In the testimony, Newman also noted that BP was the general operator for the oil exploration project, responsible for submitting plans to the government and securing federal permits.

“Once those plans are approved and permits are issued and work begins, the Operator — or leaseholder — serves as the general contractor that manages all of the work that is performed on the lease,” Newman wrote.

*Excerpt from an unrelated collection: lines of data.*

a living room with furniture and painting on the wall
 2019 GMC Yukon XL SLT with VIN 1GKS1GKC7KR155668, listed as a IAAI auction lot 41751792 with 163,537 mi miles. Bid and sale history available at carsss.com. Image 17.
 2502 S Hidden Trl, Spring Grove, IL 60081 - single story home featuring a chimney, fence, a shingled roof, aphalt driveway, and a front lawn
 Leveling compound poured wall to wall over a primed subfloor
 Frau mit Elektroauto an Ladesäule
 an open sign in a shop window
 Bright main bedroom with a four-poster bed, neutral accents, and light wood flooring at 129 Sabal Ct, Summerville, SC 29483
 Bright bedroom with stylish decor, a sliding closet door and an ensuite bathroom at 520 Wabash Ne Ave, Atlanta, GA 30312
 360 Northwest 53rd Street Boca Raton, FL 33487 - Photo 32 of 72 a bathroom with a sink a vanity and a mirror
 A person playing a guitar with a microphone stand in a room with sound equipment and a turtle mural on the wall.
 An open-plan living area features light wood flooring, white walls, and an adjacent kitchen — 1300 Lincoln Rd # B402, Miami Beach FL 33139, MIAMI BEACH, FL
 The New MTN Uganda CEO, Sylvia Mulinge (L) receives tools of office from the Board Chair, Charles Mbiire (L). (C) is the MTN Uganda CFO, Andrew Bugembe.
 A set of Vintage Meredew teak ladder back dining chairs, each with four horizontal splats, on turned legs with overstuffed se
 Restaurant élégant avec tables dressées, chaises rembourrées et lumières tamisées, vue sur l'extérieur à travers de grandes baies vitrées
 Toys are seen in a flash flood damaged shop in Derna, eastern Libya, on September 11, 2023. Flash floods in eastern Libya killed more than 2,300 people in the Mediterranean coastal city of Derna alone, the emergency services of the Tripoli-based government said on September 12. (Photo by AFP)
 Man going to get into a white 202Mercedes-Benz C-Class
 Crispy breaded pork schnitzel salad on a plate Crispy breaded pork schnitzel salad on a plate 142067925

He added that the general contractor then hires subcontractors, which in this case included Transocean, to assume specific tasks.

While BP’s McKay said the oil giant was committed to investigating what happened, he made clear in his testimony that his company was not the only one involved in the explosion on the Deepwater Horizon rig that resulted in the oil spill.

“Only seven of the 126 on board the Deepwater Horizon were BP employees, so we have only some of the story,” McKay wrote in his testimony. “We are looking at our own actions and those of our contractors.”

McKay also sought to respond to critics who say the spill should prompt the administration and Congress to curb future offshore drilling.

“Tragic and unforeseen as this accident was, we must not lose sight of why BP and other energy companies are operating in the offshore, including the Gulf of Mexico,” he said in the testimony. “The Gulf is one of the world’s great energy producing basins providing one in four barrels of oil produced in the United States. That is a resource that powers America and the world every day, one our economy requires.”